MIAMI COUNTY — The Board of Miami County Commissioners approved a consulting contract for the Miami County Transit Department during its meeting on Thursday afternoon.
The commissioners accepted a proposal from Robert Ruzinsky, CPA, of Dayton, to provided consulting services for Miami County Transit for the purpose of assisting with the management of the federal and state grant programs, federal program reporting requirements, federal and state compliance reviews, staff training, and assuing the local Transportation Improvement Plan (TIP) reflects Miami County Transit’s current service and financial operating and capital plans.
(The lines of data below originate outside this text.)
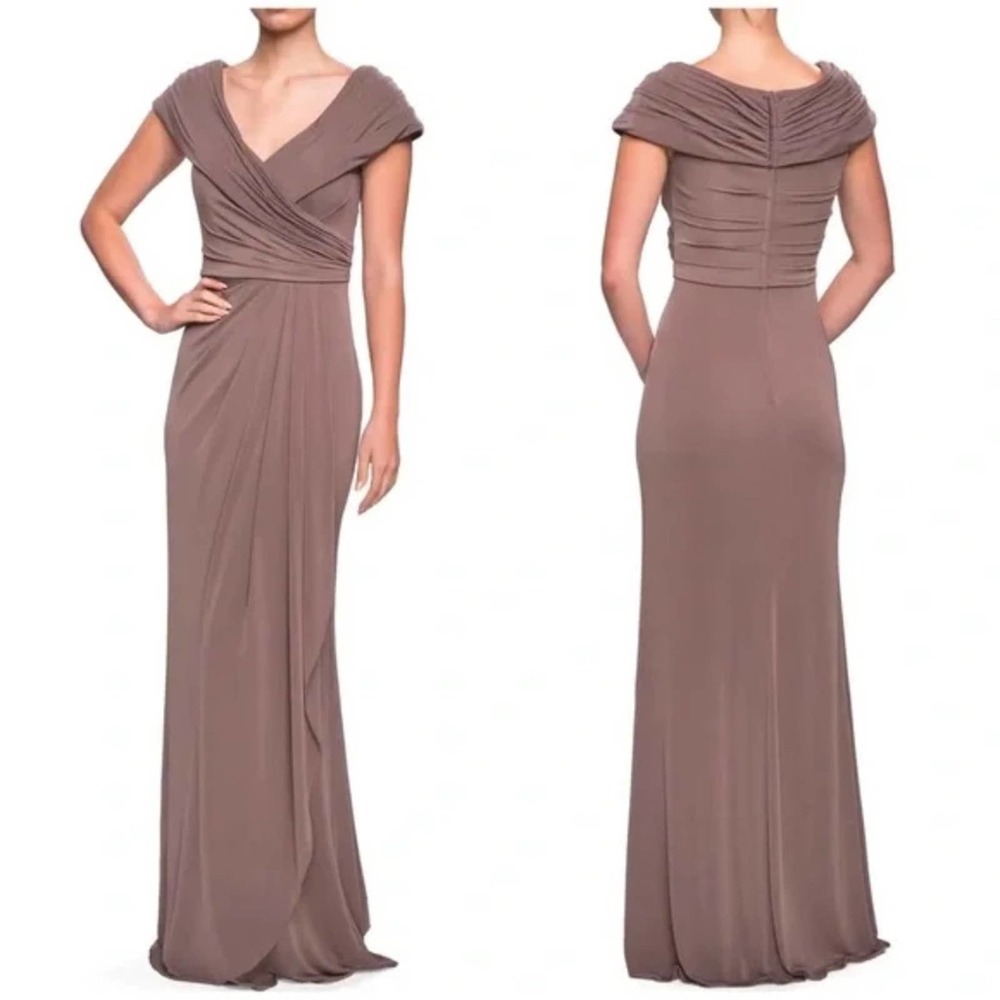 NEW La Femme Ruched Jersey Column Gown Sz 4 Cocoa
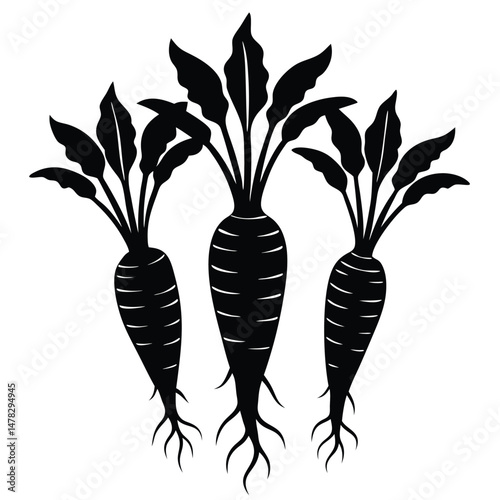 Three Stylized Carrots with Roots and Leaves in Black Silhouette Style Art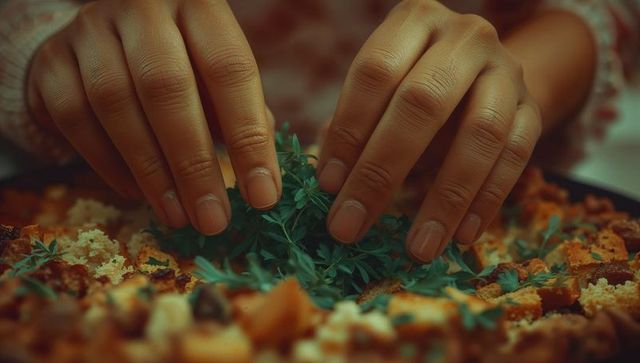 Placing fresh herbs over delicious gourmet salad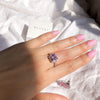 Luxury Pink Square Ring + Stud Set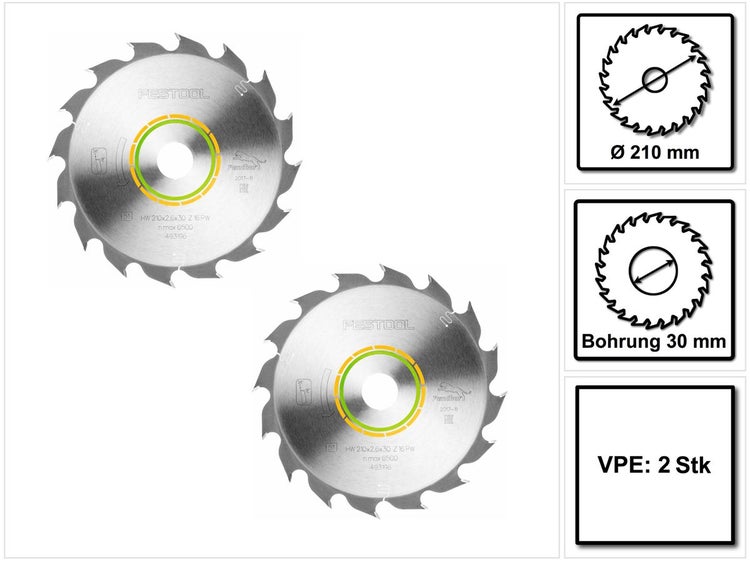 Festool 2x Panther Kreissägeblatt PW16 Holz 210 x 2,6 x 30 mm 210 mm 16 Zähne ( 2x 493196 ) TS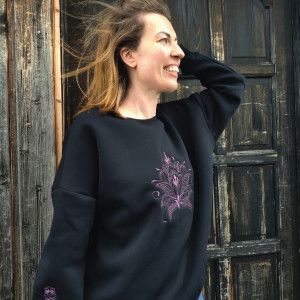 Bluza z haftem kwatu lotosu rozmiar S
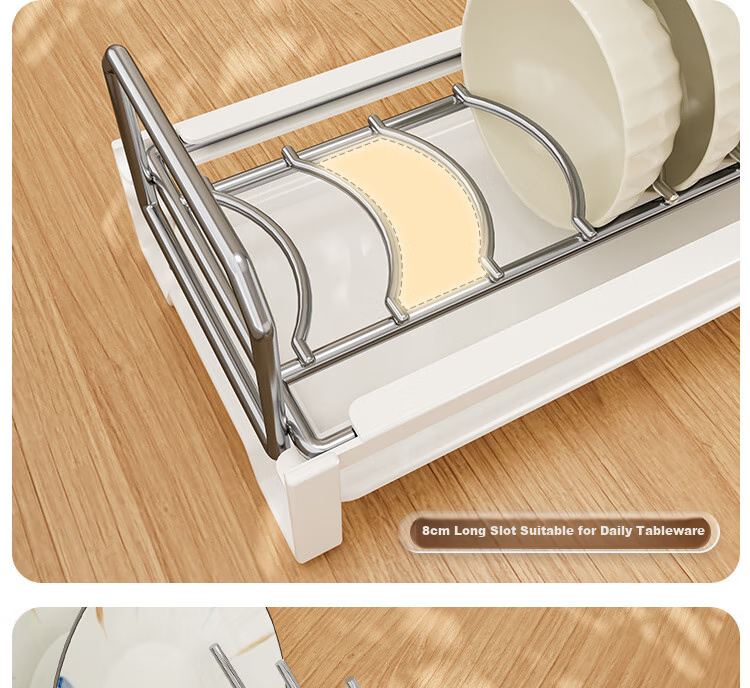 Shengxitao Stainless Steel Bowl And Plate Rack, Pull-Out Kitchen Dish Storage Shelf, Cabinet Draining Rack, Dish Organizer 7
The cost will be $120 per hour and is not to exceed $18,000, which includes mileage reimbursement.
The commissioners then authorized a contract renewal with First Transit, Inc. for the operation and maintenance of the Miami County Public Transit System for one additional year.
The commissioners also approved amending resolutions certifying unpaid water and sewer bills to the Miami County auditor for placement on the property tax lists. The commissioners deleted and reduced a handful of those properties on those lists due to the bills and fees being paid.
The commissioners later approved a cellular data plan with AT&T for their Surface tablets they recently purchased. The cost is approximately $150 per month.
Treasurer Jim Stubbs held his quarterly report for the county during this meeting. The balance of all of the county’s funds by the end of the third quarter of this year was approximately $109,399,211. Last year at this time, the balance of all funds was approximately $102,590,874. The balance of all funds for mid-year of 2019 was approximately $136,075,365.
At the end of the meeting, commissioner Greg Simmons said a representative of the Miami County Fair Board notified him that the maintenance building at the Miami County Fairgrounds had recently been broken into and a golf cart and tools were stolen. He asked Simmons what the board of commissioners thought about closing the west gate into the fairgrounds.
Commissioners’ Administrator Leigh Williams said she did not think it would stop break-ins.
“People have to have access to their horses,” commissioner Jack Evans said, speaking in favor of keeping the gate open.
Commissioner Ted Mercer suggested asking the Miami County Sheriff’s Office to do more patrols of the fairgrounds.